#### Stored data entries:

• • • •

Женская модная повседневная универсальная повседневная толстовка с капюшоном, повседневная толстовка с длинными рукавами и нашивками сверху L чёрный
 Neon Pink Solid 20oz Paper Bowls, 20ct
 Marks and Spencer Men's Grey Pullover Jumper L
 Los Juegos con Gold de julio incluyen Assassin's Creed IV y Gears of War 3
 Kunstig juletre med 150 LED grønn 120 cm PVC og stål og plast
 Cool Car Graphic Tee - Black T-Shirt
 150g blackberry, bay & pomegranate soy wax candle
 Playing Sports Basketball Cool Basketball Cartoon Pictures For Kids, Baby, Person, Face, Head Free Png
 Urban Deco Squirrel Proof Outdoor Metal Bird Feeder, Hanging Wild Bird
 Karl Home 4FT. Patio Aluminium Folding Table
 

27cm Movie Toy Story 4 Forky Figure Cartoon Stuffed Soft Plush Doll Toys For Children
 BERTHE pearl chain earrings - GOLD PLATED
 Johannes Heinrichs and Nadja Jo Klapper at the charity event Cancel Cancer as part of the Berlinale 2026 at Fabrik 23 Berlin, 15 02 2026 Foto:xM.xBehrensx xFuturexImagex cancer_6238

• • • •

#### WHAT YOU ARE ASKED TO DO:
Look through the entries above, and wherever a line holds the word "Cartoon", copy it.

#### REPLY TO THE TASK:
 Playing Sports Basketball Cool Basketball Cartoon Pictures For Kids, Baby, Person, Face, Head Free Png
27cm Movie Toy Story 4 Forky Figure Cartoon Stuffed Soft Plush Doll Toys For Children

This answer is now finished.